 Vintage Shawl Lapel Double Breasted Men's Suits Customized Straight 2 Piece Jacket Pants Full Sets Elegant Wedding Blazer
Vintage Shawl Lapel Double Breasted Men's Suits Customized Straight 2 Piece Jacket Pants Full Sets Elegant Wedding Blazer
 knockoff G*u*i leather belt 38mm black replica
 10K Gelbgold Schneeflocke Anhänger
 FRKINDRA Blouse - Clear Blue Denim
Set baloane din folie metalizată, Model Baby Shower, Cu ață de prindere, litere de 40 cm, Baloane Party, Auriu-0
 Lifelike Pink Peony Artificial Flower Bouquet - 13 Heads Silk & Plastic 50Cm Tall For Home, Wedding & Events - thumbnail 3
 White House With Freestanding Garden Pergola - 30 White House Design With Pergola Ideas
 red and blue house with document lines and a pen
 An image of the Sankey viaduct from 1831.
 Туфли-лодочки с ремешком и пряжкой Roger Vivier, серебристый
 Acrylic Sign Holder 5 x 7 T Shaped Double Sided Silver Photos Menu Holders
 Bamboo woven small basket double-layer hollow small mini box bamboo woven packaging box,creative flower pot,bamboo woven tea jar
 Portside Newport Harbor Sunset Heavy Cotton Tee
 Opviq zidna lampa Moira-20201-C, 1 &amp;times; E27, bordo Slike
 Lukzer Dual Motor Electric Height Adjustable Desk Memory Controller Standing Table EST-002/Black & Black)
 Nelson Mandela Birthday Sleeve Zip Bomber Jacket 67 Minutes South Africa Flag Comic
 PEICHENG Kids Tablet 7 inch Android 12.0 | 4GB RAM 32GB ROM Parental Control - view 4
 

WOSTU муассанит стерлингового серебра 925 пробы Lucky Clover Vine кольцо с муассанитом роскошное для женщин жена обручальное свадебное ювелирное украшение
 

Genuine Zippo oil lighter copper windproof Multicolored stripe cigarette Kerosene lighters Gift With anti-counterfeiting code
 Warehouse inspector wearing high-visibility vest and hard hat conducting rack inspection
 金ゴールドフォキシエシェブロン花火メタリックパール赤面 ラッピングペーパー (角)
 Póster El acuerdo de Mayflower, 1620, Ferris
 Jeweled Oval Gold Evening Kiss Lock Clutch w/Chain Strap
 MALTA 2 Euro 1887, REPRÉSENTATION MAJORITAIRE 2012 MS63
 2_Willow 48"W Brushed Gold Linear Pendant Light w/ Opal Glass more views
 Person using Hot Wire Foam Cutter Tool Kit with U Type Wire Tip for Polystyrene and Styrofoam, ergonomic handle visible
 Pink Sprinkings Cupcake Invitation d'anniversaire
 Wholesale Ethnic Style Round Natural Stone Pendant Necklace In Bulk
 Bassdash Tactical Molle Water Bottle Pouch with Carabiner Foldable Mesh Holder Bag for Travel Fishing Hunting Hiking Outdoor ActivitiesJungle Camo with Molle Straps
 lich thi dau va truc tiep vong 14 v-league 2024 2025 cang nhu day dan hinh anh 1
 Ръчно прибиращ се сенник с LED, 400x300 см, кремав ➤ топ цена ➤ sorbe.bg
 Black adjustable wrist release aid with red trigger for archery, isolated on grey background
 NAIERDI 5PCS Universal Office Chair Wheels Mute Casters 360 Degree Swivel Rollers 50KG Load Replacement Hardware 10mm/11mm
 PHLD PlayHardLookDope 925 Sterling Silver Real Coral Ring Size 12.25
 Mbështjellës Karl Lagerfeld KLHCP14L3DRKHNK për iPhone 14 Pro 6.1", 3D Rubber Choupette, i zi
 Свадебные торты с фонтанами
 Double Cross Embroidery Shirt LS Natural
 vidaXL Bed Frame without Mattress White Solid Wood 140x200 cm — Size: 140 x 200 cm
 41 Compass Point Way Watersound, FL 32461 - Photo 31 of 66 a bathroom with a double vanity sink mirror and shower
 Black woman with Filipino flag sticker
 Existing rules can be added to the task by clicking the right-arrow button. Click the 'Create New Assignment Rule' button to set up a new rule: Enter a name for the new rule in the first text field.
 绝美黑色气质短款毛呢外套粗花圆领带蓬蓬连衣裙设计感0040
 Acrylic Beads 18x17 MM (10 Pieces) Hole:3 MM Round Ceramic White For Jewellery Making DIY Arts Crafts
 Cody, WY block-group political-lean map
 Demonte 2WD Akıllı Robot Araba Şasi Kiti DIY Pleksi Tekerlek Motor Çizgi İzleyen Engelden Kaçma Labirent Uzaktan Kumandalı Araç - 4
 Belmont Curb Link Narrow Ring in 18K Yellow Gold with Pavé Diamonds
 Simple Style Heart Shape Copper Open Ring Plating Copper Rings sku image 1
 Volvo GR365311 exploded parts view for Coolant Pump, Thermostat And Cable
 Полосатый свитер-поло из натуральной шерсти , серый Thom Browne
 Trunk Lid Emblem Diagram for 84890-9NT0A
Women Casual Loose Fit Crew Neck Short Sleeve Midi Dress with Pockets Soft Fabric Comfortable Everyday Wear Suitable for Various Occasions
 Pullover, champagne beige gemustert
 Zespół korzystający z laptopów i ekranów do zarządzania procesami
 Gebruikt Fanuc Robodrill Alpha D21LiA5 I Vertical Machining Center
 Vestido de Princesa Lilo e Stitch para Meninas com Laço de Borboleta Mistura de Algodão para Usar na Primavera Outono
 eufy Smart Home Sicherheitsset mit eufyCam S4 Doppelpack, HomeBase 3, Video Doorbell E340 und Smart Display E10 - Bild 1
━━━━━━━━━━━━━━━━
TASK INSTRUCTIONS
Which lines should be output? Exactly those from the first line of the data through the line containing "Set baloane din", inclusive.

THE COMPLETED TASK
 Vintage Shawl Lapel Double Breasted Men's Suits Customized Straight 2 Piece Jacket Pants Full Sets Elegant Wedding Blazer
Vintage Shawl Lapel Double Breasted Men's Suits Customized Straight 2 Piece Jacket Pants Full Sets Elegant Wedding Blazer
 knockoff G*u*i leather belt 38mm black replica
 10K Gelbgold Schneeflocke Anhänger
 FRKINDRA Blouse - Clear Blue Denim
Set baloane din folie metalizată, Model Baby Shower, Cu ață de prindere, litere de 40 cm, Baloane Party, Auriu-0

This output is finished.